Medicaid Funding Cuts Hit Latino Healthcare the Hardest


In July 2025, the Trump administration signed into law the One Big Beautiful Bill Act, resulting in the largest healthcare cuts in history by increasing obstacles to Medicaid participation, deterring Medicaid expansion in some states and terminating eligibility for legal immigrants. Congress also let healthcare tax credits expire in January 2026, raising insurance costs by $1,000 a year for 20 million Americans, including 6.5 million Latinos. Together, these decisions cut $1 trillion in federal support for Medicaid and private insurance. A new report from the Latino civil rights advocacy group UnidosUS found 14 million Americans, including 4 million Latinos, are expected to lose healthcare coverage over the next 10 years as a direct result of federal policy changes.

 

“Unlike major coverage losses of the past, which resulted from recession-driven layoffs and terminations of employer-based coverage, today’s far larger coverage losses are entirely self-inflicted, resulting from policy choices made by Congress and the administration,” said Stan Dorn, director of the Health Policy Project at UnidosUS, in a press release. “At a time when families across the country are struggling with rising costs, lawmakers are choosing to worsen healthcare affordability and accessibility, threatening to erase 14 years of hard-won gains under the Affordable Care Act.

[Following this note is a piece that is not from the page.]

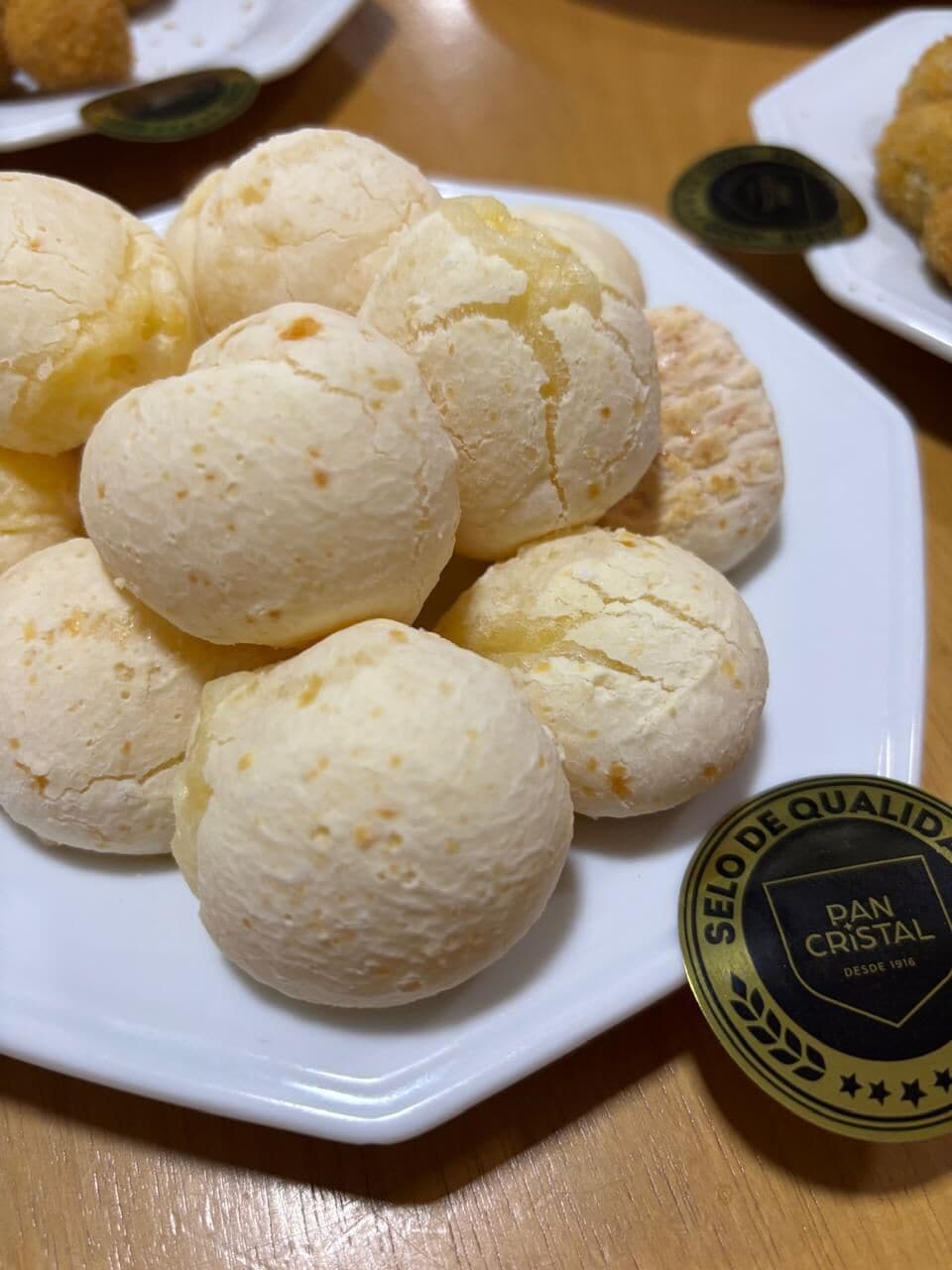 En tallrik med pão de queijo, och en etikett som lyder: ”SELO DE QUALID DAN CRISTAL DESDE 1914”.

Lawmakers must reverse course now to protect American healthcare.”

 

The UnidosUS report used data from the U.S. Department of Health and Human Services, the American Community Survey, the Census Bureau’s Current Population Survey and KFF’s Current Population Survey to conduct analyses on rates and demographics of uninsured people over time.

 

Following the passage of the Affordable Care Act (ACA) in 2010, almost 10 million Latinos gained healthcare coverage, but healthcare gaps persist. By late 2024, 36% of Latinos had no regular healthcare provider, 55% of Latinos reported difficulty affording healthcare costs and 43% of Latinos postponed or skipped essential healthcare because of cost, compared with only 16%, 40% and 43% of non-Hispanic whites, respectively.

 

Latinos have the highest projections for loss of healthcare coverage. By state, Latinos make up 58% of those expected to be newly uninsured in Florida, 56% in New Mexico, 53% in California, 48% in Texas and 45% in Arizona. Based on current enrollment patterns, 57% of people expected to lose coverage in the next 10 years are people of color, including 4.3 million Latinos, 2.4 million Black people, nearly 1 million Asian Americans and more than 100,000 Native Americans.

 

In the report, UnidosUS calls for meaningful improvements to healthcare infrastructure, including more accessible healthcare, paperless health coverage, improved customer service and immediate ACA coverage in states that haven’t expanded Medicaid.

 

“Federal policymakers should repeal the legislation and reverse the administrative health care policies that have done such harm with speed and ferocity. But it will be equally important to rebuild our country’s health programs so that they do a much better job serving the millions of Americans, including Latinos, who rely on them for the health and well-being of their families and communities,” reads the UnidosUS report.